# What is expected
Once "2 fontos jel, ami" turns up in a line below, reproduce that line and those after it exactly, stopping after the line with "Gadjiev, Alexander - Legends"; leave pictures out.

# Data records
+ + + + + + +
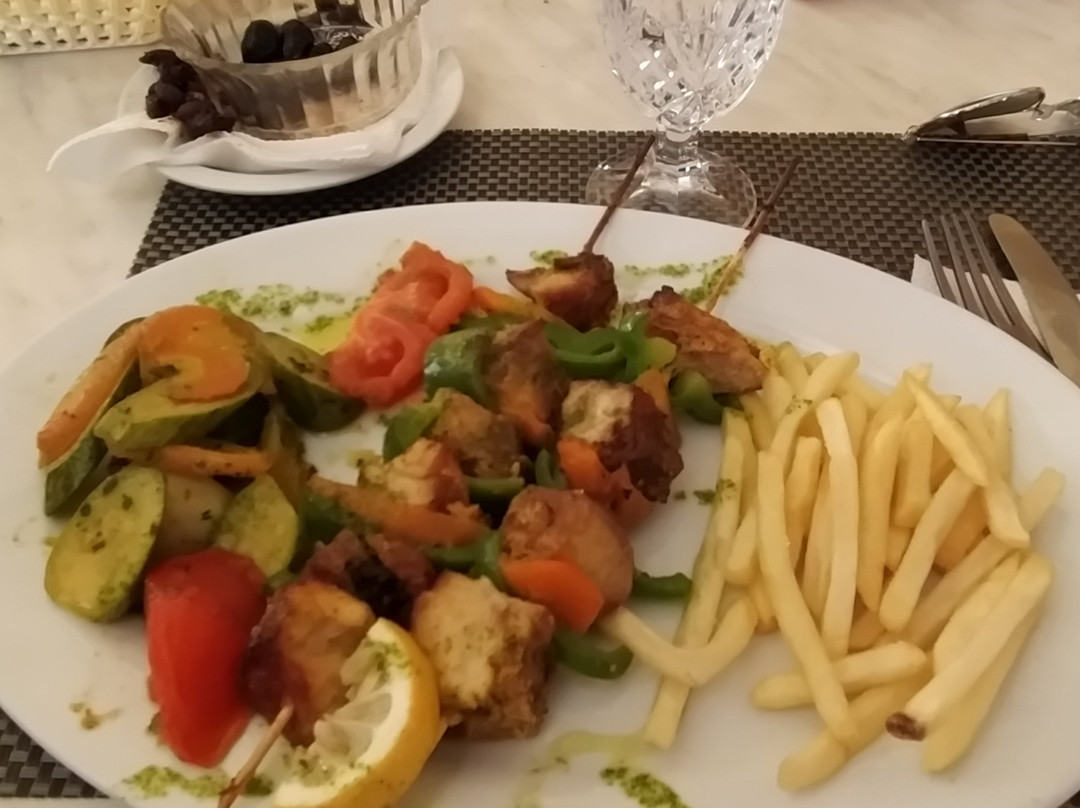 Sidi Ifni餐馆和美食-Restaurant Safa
+ + + + + + +
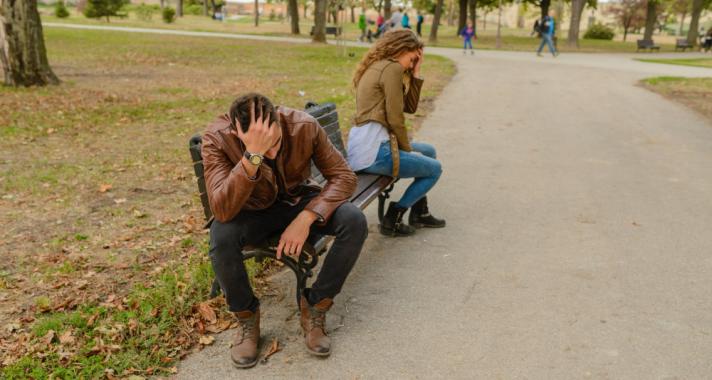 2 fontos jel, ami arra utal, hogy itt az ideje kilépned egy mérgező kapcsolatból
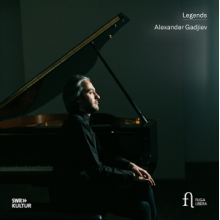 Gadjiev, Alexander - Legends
+ + + + + + +
# Written response
 2 fontos jel, ami arra utal, hogy itt az ideje kilépned egy mérgező kapcsolatból
 Gadjiev, Alexander - Legends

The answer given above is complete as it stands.